French banker, economist and politician (1853–1933)

Raphaël-Georges Lévy (24 February 1853 – 8 December 1933) was a French banker, economist and politician.
He taught for many years at the École libre des sciences politiques.
He had liberal economic beliefs, including support for free trade and central bank independence.
He was a Senator of Seine from 1920 to 1927.

==Early years (1853–70)==

Raphaël-Georges Lévy was born on 24 February 1853 in Paris.
He was Jewish.
His parents were Benjamin Lévy and Eugénie Bamberger.
His father was an inspector-general of public instruction.
His mother Eugénie Bamberger (1828–1904), known as Jenny, was the daughter of August Bamberger and Amelie Bischoffsheim, of the Bischoffsheim family of bankers.
His uncle, the banker Henri Bamberger, was co-founder of the Banque de Paris et des Pays-Bas.
He was related to Marcel Proust through his sister Marguerite (née Lévy, 1859–1926), wife of Daniel Mayer, the first cousin of Proust's mother. (Note: In 1907 or 1908 Proust asked Lévy for advice on his investments, and after that the two men exchanged several letters. The two men do not seem to have had more than a passing acquaintance.)

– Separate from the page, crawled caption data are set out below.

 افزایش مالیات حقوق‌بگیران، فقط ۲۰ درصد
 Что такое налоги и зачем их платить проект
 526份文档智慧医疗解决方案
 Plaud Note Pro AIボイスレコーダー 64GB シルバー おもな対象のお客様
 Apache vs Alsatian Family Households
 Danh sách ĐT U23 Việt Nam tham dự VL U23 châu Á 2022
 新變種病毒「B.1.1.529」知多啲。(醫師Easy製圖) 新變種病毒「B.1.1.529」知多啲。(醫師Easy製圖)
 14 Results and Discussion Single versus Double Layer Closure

Raphaël-Georges Lévy grew up in an intellectual environment.
He attended the Lycée Louis-le-Grand, graduating with first prize in mathematics and a prize of honour in rhetoric, which earned him the personal congratulations of Napoleon III.
After the Franco-Prussian War of 1870 he obtained a degree in Law.

==Businessman and academic (1870–1914)==

Lévy joined his uncle's Banque de Paris et des Pays-Bas, where he was responsible for a number of foreign inquiries in which he showed his business acumen.
He was interested in turn in South African gold mines, the Crédit Mobilier, the Franco-Chinese economic association and the Channel Tunnel.
He left banking and taught at the Association des cours commerciaux, then the Ecole supérieure d'enseignement financier and finally at the Ecole libre des sciences politiques.
He spent 30 years at this last school, where he became one of the most eminent professors.
He became a municipal councilor for Deauville in 1900.

On 4 January 1882 Lévy married Marguerite Augustine Halphen (1861–1929) in Paris.
Their daughter was Suzanne Guillemette Ernesta Lévy (1884–1955).
Lévy became president of various learned societies such as the Société de statistique.
He was elected a member of the Académie des Sciences Morales et Politiques in 1913.

==World War I (1914–18)==

With the outbreak of World War I (1914–18) Lévy remained in Paris and converted his town house into a military hospital, keeping two modest rooms for himself and his wife.
From 1914 to 1919 this hospital treated soldiers at Lévy's expense.
He was assisted at the hospital by Antoine-Louis Cornette, founder of the Scouts de France.
On 9 February 1917 Le Figaro reported that by a large majority Levy had been elected president of the Societe d'Économie politique.
The society had two presidents. Yves Guyot had replaced Paul Leroy-Beaulieu as the first president.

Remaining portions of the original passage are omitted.